The spark for the so-called housing boom came with successive drops in interest rates in the late 1990s. Banks passed on these declines in the price of money to their customers, and families did some number-crunching. Many concluded it was time to stop renting and buy a home. The sky-high interest rates of the 1980s started coming down until they reached the historic low levels of current times. Only then did people start taking out mortgages because only then could they afford it. Later, demand for homes shot up and so did their prices.

These days the supposed advantages of low interest rates - cheaper mortgages - are overshadowed by exorbitant prices for housing. A recent study by the real estate firm Bami said that the second quarter of 2002 saw the biggest price rise since 1998. Then, housing prices shot up 6.8 percent from the previous year. That growth continued and in the second three months of this year it reached a stunning 15.8 percent.

On December 5th, the European Central Bank reduced its core interest rate by half a point to 2.75 percent, close to its historic minimum of 2.5 percent. The BCE also cut its marginal rate (the percentage it charges on money it lends to banks and savings and loans) by half a point.

News of lower interest rates is welcomed by anyone with a variable-rate mortgage. Mortgages will be cheaper, but at the same time interest paid on deposits will be even skimpier. But for BCE cuts to benefit consumers, banks and savings and loans have to apply these reductions to their products.

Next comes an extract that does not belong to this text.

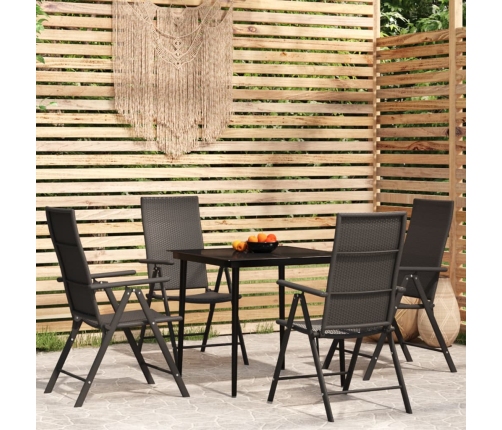 Juego de comedor para jardín 5 piezas negro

And they must also apply the discounts when they make annual or semiannual revisions to mortgage interest rates.

If the bank does not improve the terms of a loan in line with market conditions, clients can request that the interest be lowered. Or they can take their debt to another bank. This is generally expensive because you have to pay fees for canceling one loan and starting up another. So before carrying out either procedure, check if they need to be notarized because this raises the cost substantially.

In real terms, a drop of half a point in the interest rate saves you 1.70 euros per month per 6,000 euros of debt in the case of a 10-year mortgage. In other words, if banks passed on a half-point reduction to its clients right away, a person with a 180,700-euro mortgage (30 million pesetas) will see their monthly payment trimmed by 50 euros (8,400 pesetas).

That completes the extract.